▸ What needs to be done
Reproduce the lines below exactly, from the one containing "This article was" through the one containing "Hey guys, welcome", both included. Leave out any pictures.

#### Records to process ####

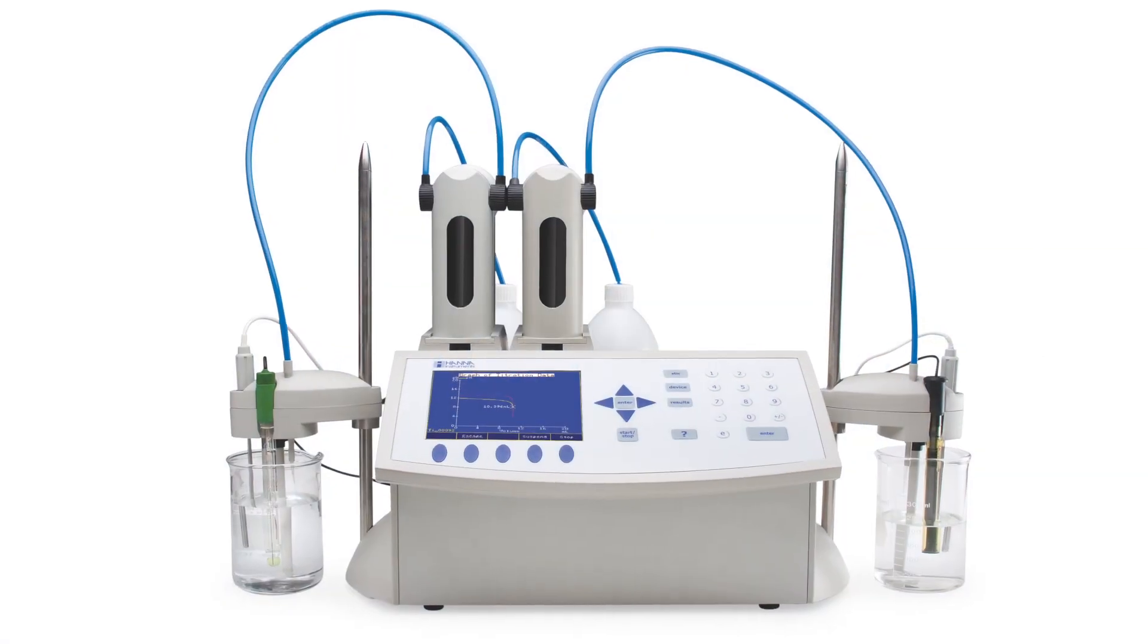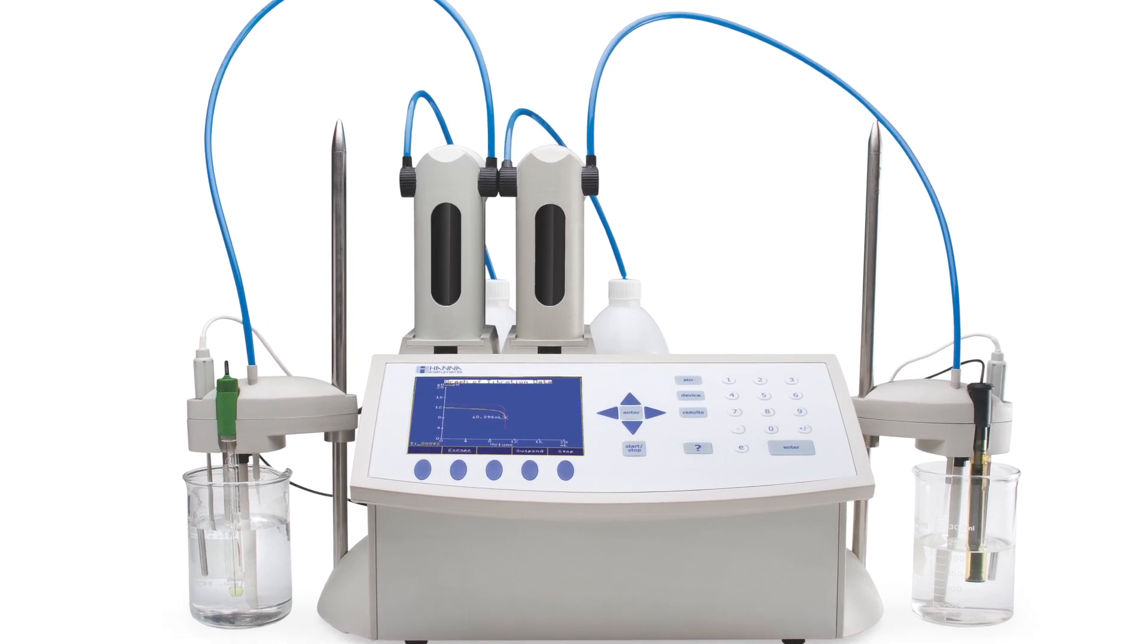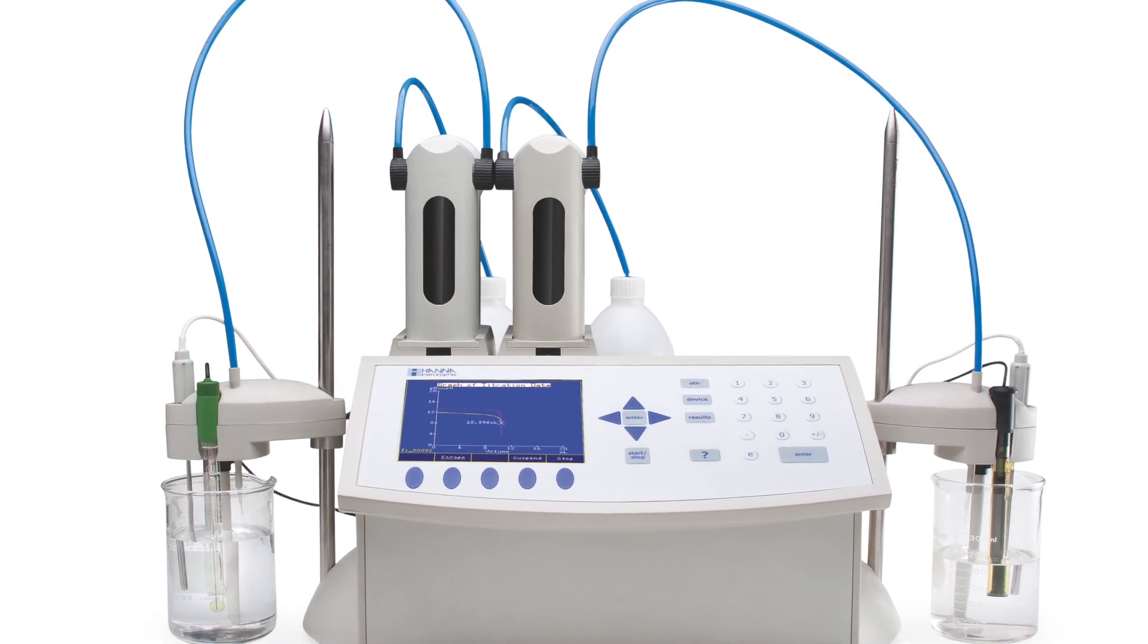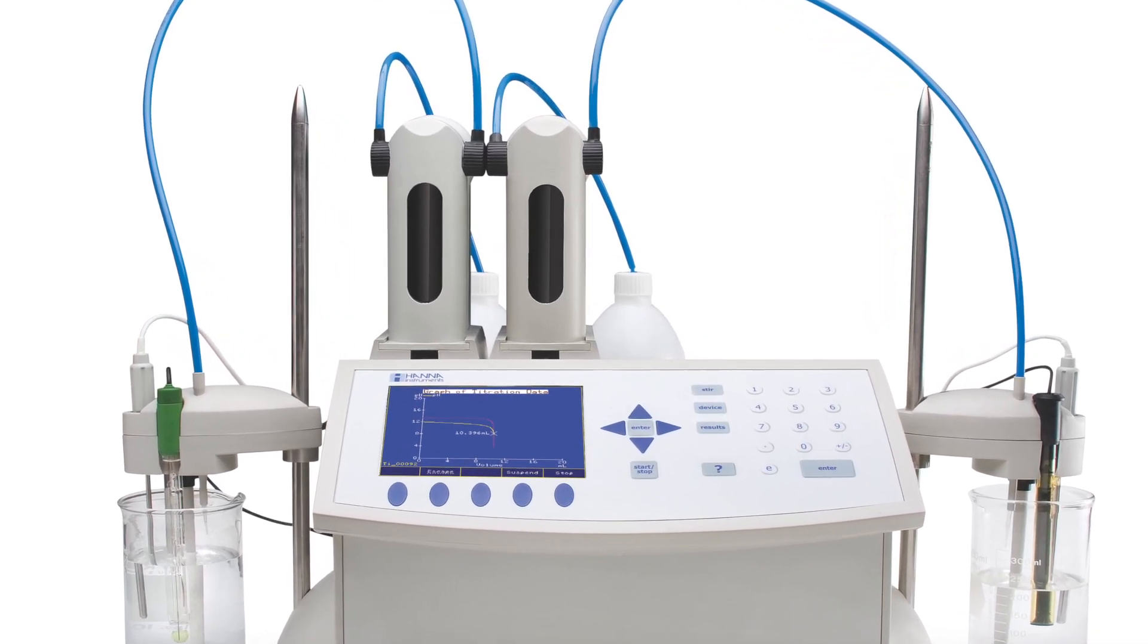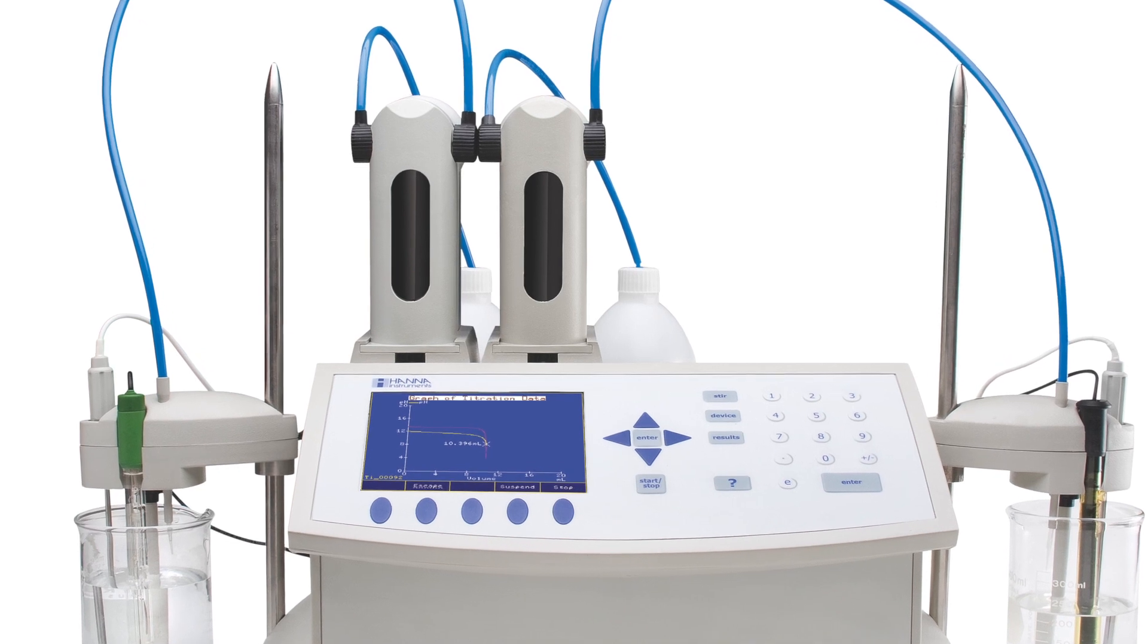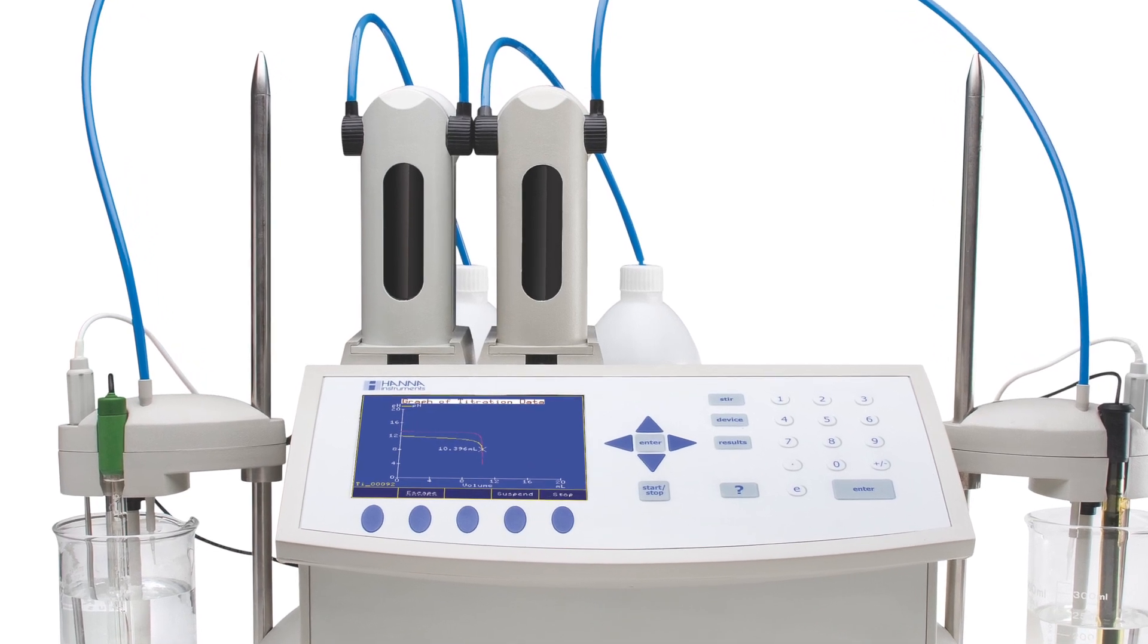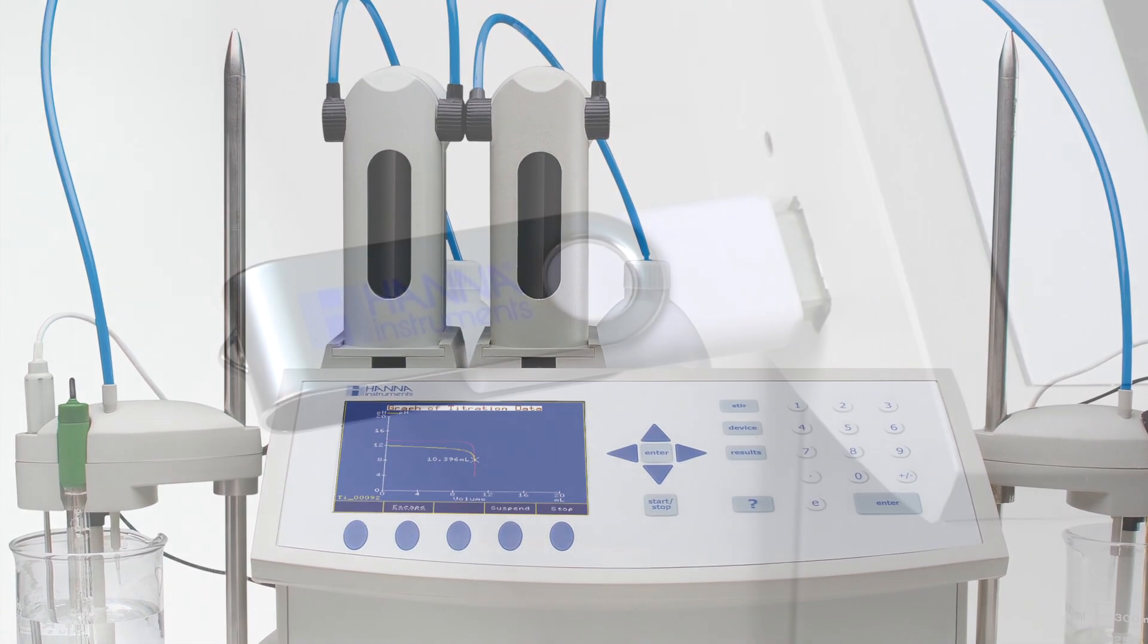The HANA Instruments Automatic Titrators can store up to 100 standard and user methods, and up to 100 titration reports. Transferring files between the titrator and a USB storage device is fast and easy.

####
#### Records to process ####

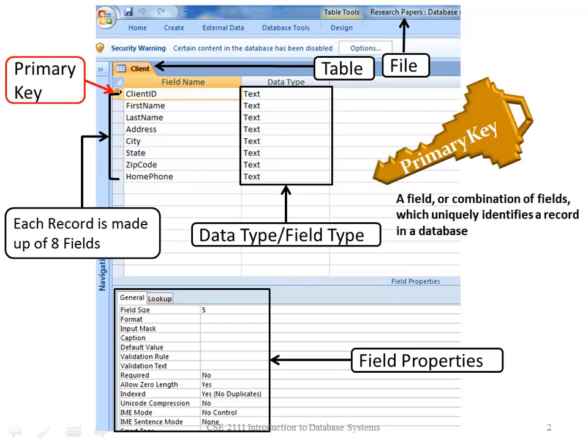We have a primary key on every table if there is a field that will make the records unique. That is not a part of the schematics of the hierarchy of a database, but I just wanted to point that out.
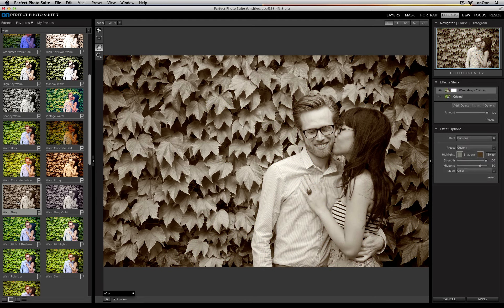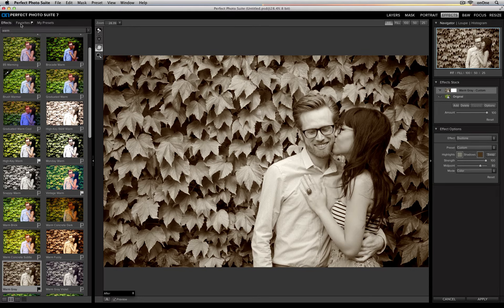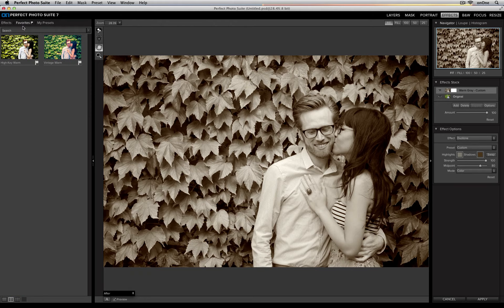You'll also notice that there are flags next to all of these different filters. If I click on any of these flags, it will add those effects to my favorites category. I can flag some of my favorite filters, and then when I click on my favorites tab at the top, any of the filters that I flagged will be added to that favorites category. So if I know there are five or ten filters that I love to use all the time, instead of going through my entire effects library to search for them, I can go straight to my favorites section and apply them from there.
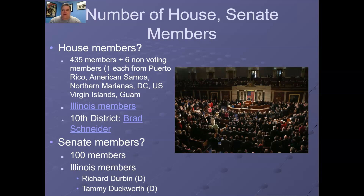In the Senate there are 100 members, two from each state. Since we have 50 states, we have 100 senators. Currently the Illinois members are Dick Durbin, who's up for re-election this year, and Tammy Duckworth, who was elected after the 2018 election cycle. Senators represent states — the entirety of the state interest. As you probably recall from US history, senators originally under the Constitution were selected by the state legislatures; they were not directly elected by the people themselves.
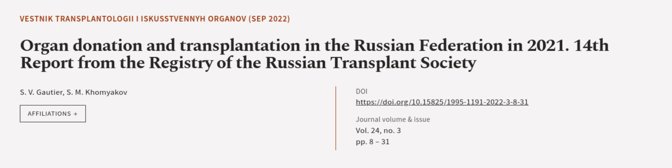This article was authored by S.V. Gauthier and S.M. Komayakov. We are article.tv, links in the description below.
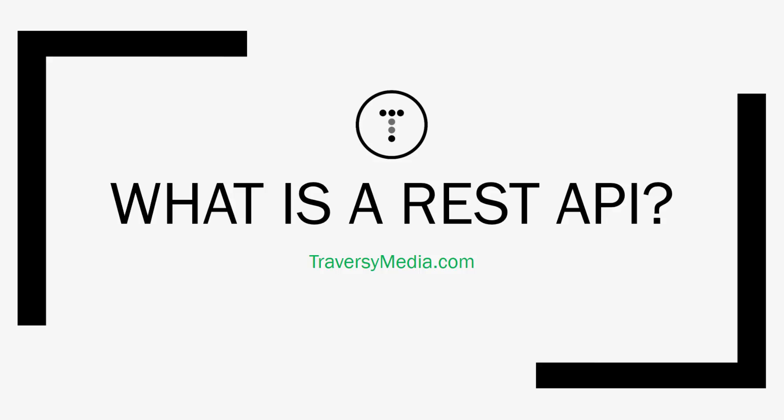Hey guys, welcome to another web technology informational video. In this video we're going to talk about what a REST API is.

####
#### Records to process ####

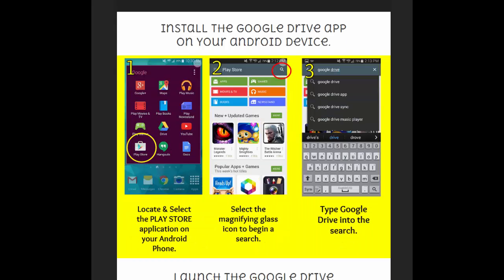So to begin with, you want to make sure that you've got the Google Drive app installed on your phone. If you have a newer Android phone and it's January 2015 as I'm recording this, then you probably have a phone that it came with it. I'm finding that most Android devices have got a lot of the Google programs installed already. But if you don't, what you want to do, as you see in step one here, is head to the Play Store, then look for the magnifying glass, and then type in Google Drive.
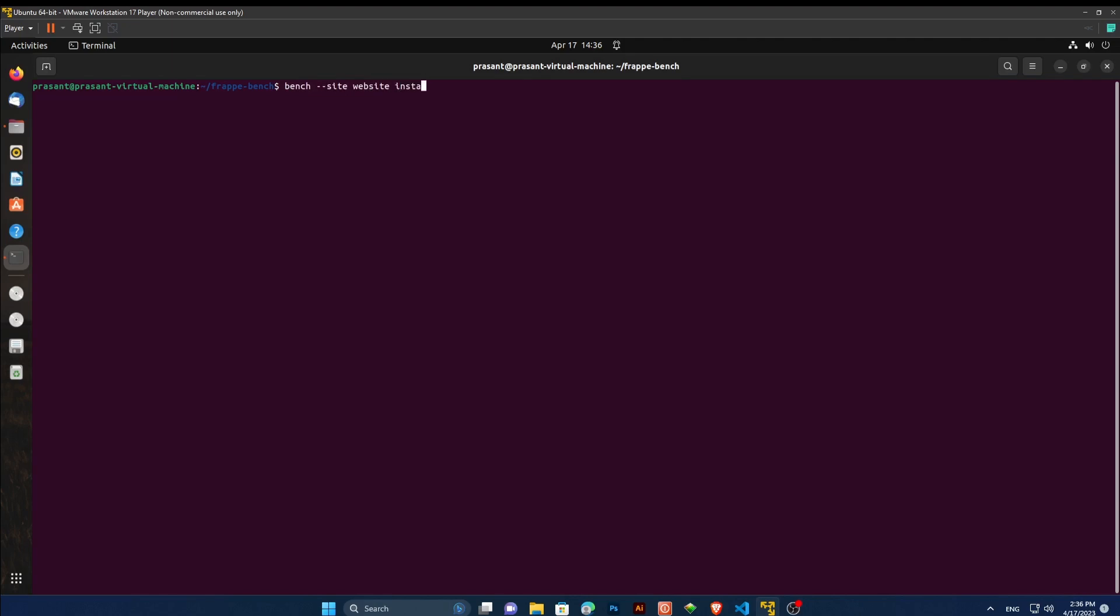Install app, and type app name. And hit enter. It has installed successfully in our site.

####

▸ Answer for the task
This article was authored by S.V. Gauthier and S.M. Komayakov. We are article.tv, links in the description below.
Hey guys, welcome to another web technology informational video. In this video we're going to talk about what a REST API is.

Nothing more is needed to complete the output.